Wednesday, December 2, 2015

The film will premiere as a special presentation at the Toronto Film Festival.




Nicholas Hytner's adaption of this tale of the cantankerous Miss Shepherd, who lived in a derelict van in Alan Bennett's driveway for fifteen years, will forever be definitive version of events, says David Sexton. The arrangements people have! The Lady in the Van is the now absurdly famous story of how a cantankerous, ungrateful, bigoted, smelly old bag called Miss Shepherd was allowed to live in a derelict van in Alan Bennett's driveway in increasingly posh Gloucester Crescent, NW1, for 15 years, prevailing upon him to do her shopping and clean up her shit. 


Bennett's original motives may have been common human kindness, liberal guilt, the scent of good copy or raw fascination with obstreperous old ladies. Whatever the reason, it was a bargain: he extracted from this nuisance first many diary entries, then a more extended book, then successful stage and radio plays, and now a movie, directed once more by Nicholas Hytner, until recently the director of the National Theatre, the director of all Bennett's plays for the last 15 years, also behind the films of The Madness of King George and The History Boys.

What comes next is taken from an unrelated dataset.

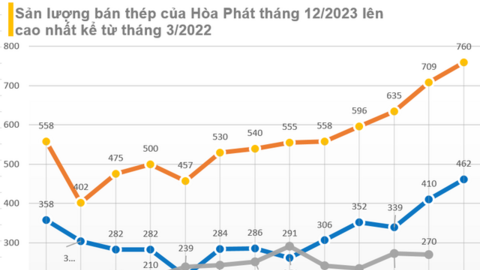 Sản lượng thép của Hòa Phát trong tháng 12/2023, cao nhất 21 tháng, tiếp tục tăng giá bán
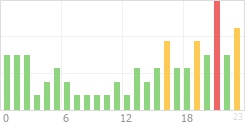 Online Time Chart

Introducing the film in Toronto, Hytner emphasized that it was filmed in the very street, in the very house, in the unchanged rooms, where it happened: it's the authorized version. Alex Jennings does his excellent impersonation of Alan Bennett twice over, as Alan the writer and Alan the man, conversing sarcastically with one another in the same room, a stage device that feels a little indulgent on screen, almost reminiscent of Tom Hardy being both Krays or Jeremy Irons twin crazy gynaecologists.